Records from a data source
▼▼▼
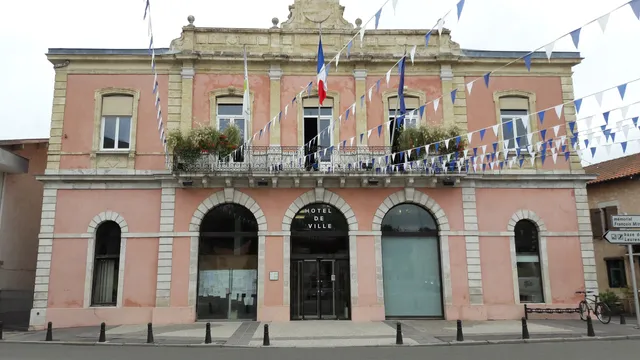 Mairie de Soustons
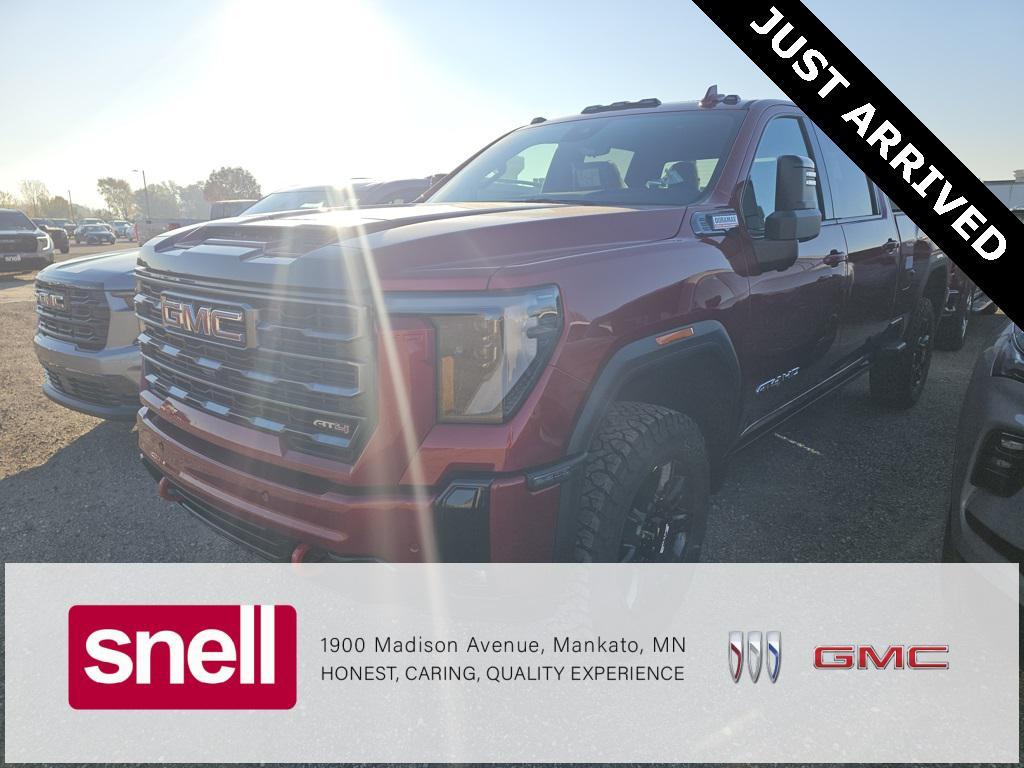 new 2026 GMC Sierra 3500 car, priced at $91,380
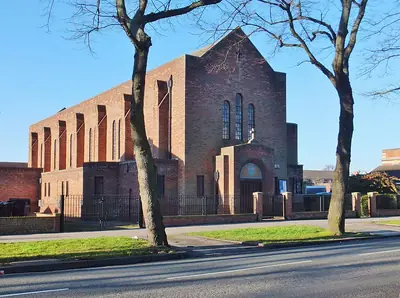 St. Wilfrid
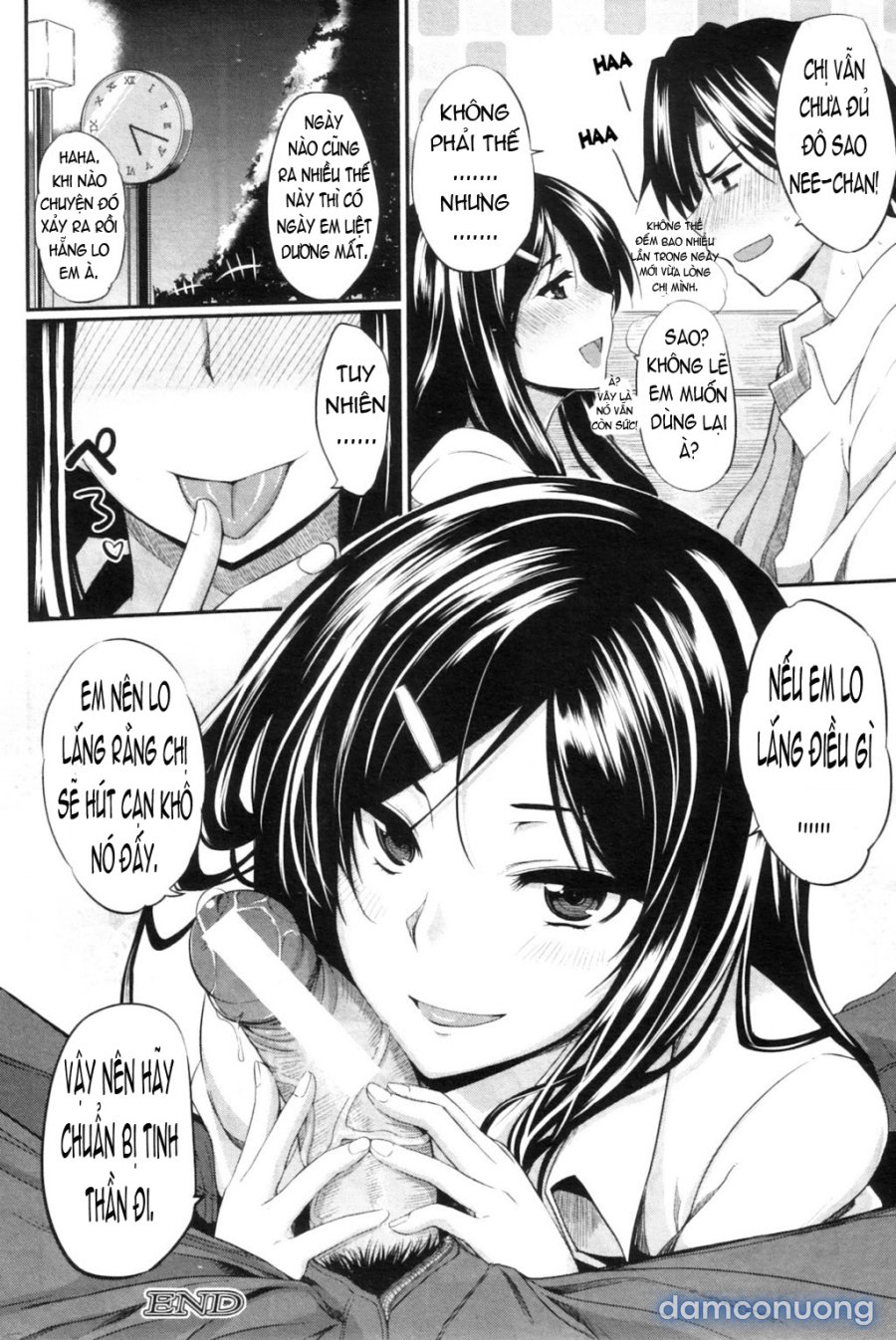 Fella Pure ~Mitarai-san Chi no Jijou 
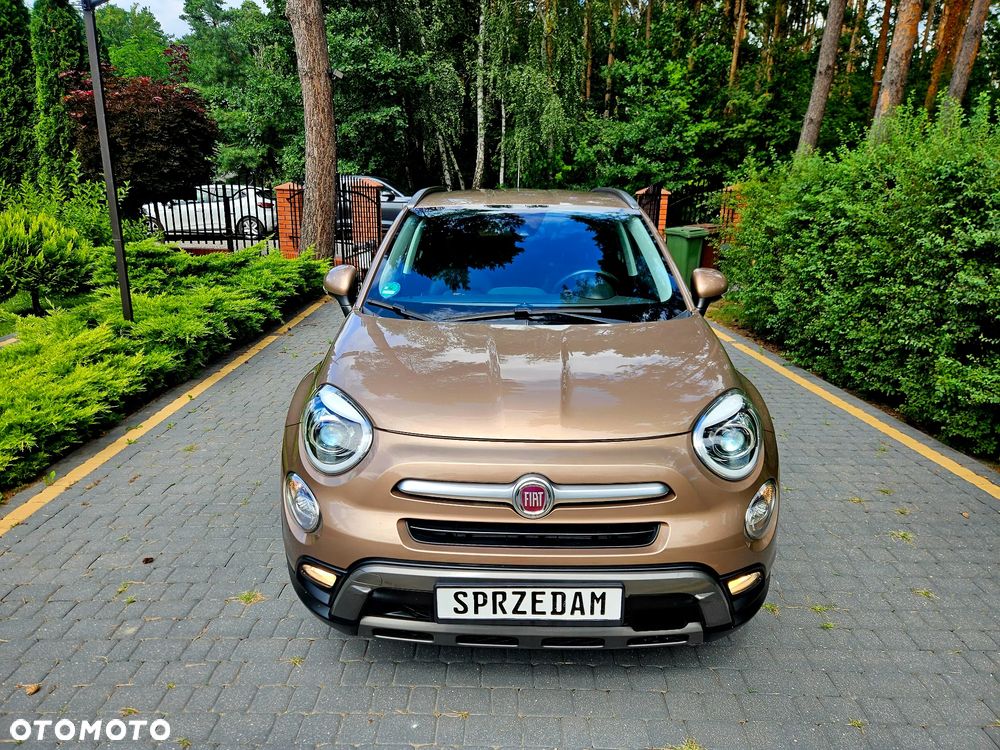 Fiat 500X 1.4 Multiair DCT 4x2 S&S Cross Plus - 6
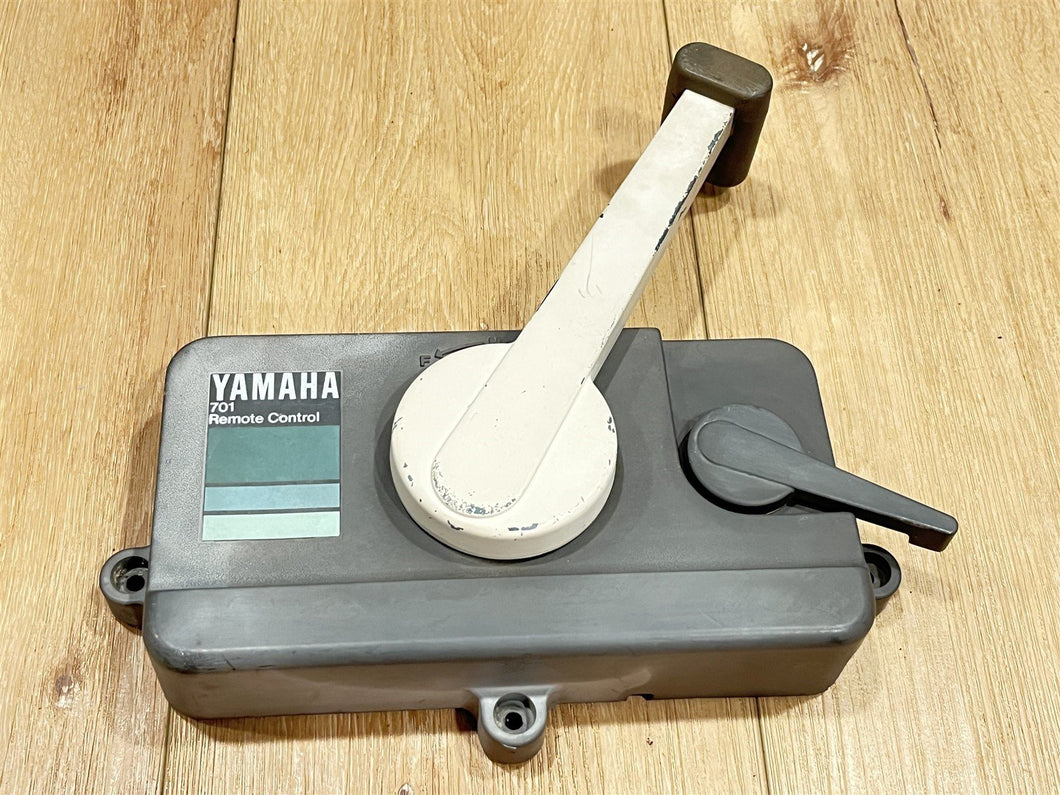 Yamaha 701 Remote Control Box - Used
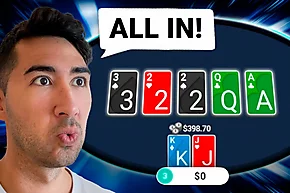 ValentjNN: All-in con K-high – Momento clave en NL200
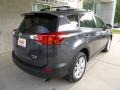 2013 Magnetic Gray Metallic Toyota RAV4 Limited AWD  photo #2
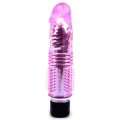 Mini Vibrator with Hood Aphrodisia Vibrating Glans Pink 15 cm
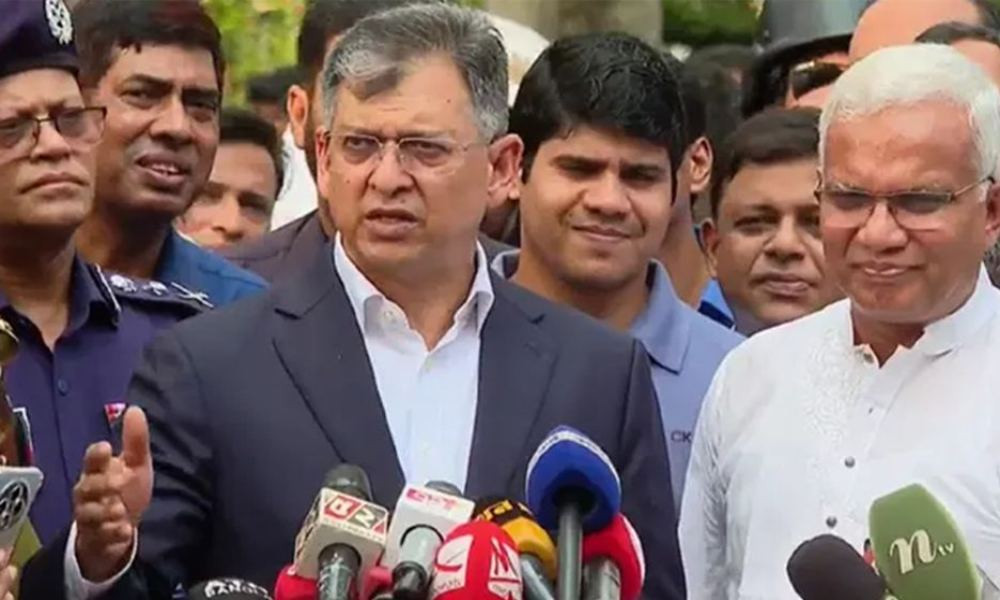 চাঁদাবাজদের তালিকা করা হচ্ছে : স্বরাষ্ট্রমন্ত্রী
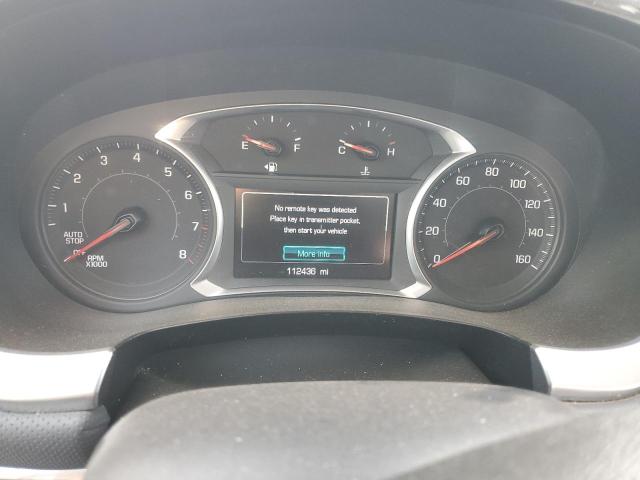 2019 CHEVROLET TRAVERSE P 1GNERKKW3KJ147054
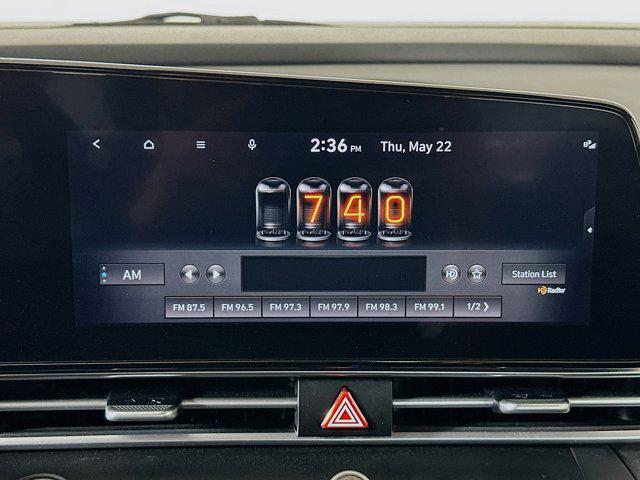 used 2023 Hyundai Elantra car, priced at $18,497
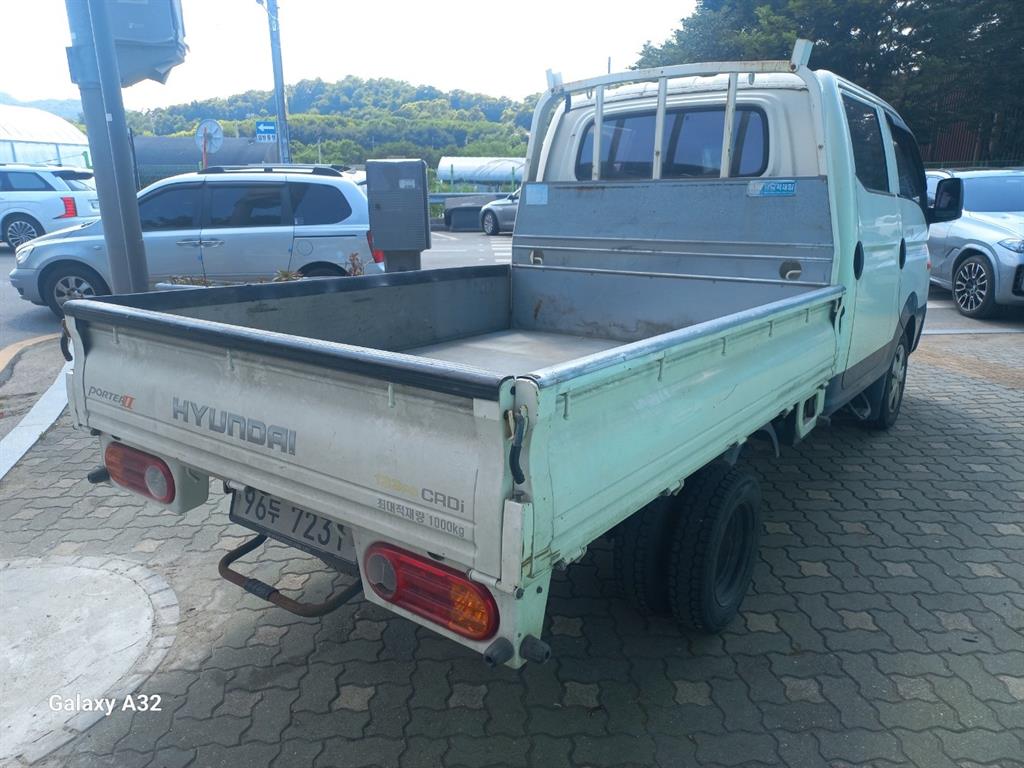 Small Truck Cargo (small) - Vista 6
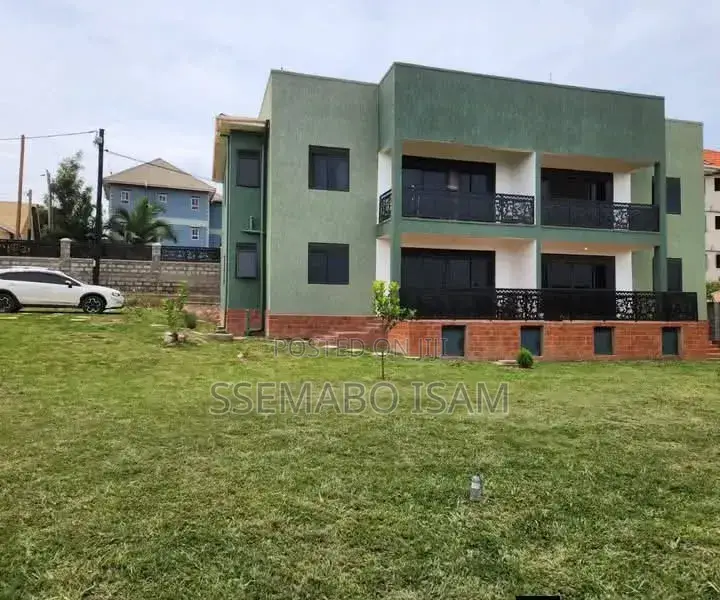 2bdrm House in Kisaasi, Central Division for rent in Central Division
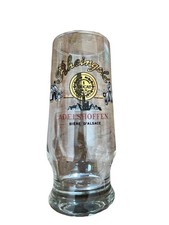 Ancien verre biére d'occasion  Gommegnies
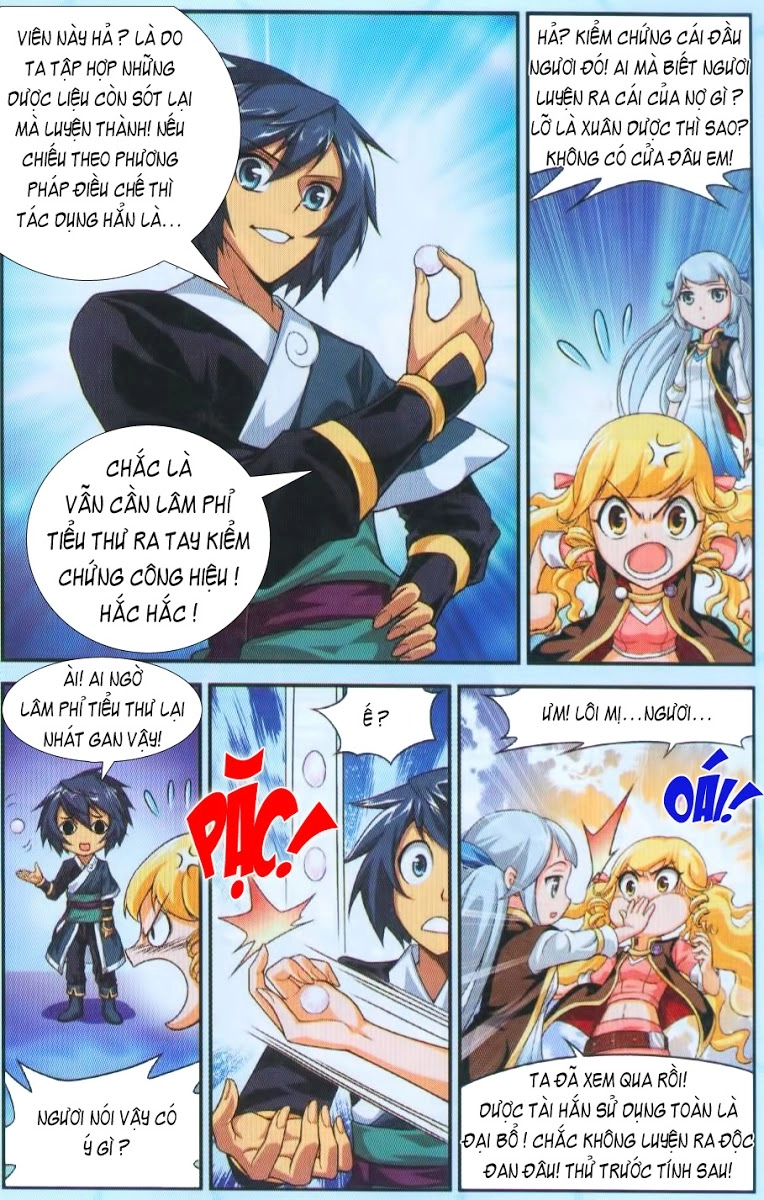 Đấu Phá Thương Khung Chapter 36 - 5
▲▲▲
Problem to work on
What you return must match the entries above exactly, apart from the pictures, which are left out.

Exercise output
 Mairie de Soustons
 new 2026 GMC Sierra 3500 car, priced at $91,380
 St. Wilfrid
 Fella Pure ~Mitarai-san Chi no Jijou 
 Fiat 500X 1.4 Multiair DCT 4x2 S&S Cross Plus - 6
 Yamaha 701 Remote Control Box - Used
 ValentjNN: All-in con K-high – Momento clave en NL200
 2013 Magnetic Gray Metallic Toyota RAV4 Limited AWD  photo #2
 Mini Vibrator with Hood Aphrodisia Vibrating Glans Pink 15 cm
 চাঁদাবাজদের তালিকা করা হচ্ছে : স্বরাষ্ট্রমন্ত্রী
 2019 CHEVROLET TRAVERSE P 1GNERKKW3KJ147054
 used 2023 Hyundai Elantra car, priced at $18,497
 Small Truck Cargo (small) - Vista 6
 2bdrm House in Kisaasi, Central Division for rent in Central Division
 Ancien verre biére d'occasion  Gommegnies
 Đấu Phá Thương Khung Chapter 36 - 5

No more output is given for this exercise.